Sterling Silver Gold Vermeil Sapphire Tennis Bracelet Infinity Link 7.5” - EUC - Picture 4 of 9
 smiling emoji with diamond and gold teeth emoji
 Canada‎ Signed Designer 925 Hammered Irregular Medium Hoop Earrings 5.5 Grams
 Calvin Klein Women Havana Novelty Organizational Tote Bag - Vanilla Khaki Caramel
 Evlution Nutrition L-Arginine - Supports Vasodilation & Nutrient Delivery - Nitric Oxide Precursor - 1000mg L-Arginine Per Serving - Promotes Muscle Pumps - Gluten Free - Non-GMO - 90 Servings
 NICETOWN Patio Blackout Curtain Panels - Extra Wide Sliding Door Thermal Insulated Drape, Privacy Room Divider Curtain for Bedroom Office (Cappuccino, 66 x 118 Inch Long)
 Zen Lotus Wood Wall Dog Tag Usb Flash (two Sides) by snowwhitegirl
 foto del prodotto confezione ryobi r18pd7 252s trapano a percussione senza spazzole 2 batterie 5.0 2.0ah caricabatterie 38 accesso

» **WHAT TO PRODUCE**
Exactly reproduce the lines beginning with the one that contains "NICETOWN Patio Blackout" and ending with the last line of the material, both included. Leave out everything else.

» **RESPONSE BOX**
 NICETOWN Patio Blackout Curtain Panels - Extra Wide Sliding Door Thermal Insulated Drape, Privacy Room Divider Curtain for Bedroom Office (Cappuccino, 66 x 118 Inch Long)
 Zen Lotus Wood Wall Dog Tag Usb Flash (two Sides) by snowwhitegirl
 foto del prodotto confezione ryobi r18pd7 252s trapano a percussione senza spazzole 2 batterie 5.0 2.0ah caricabatterie 38 accesso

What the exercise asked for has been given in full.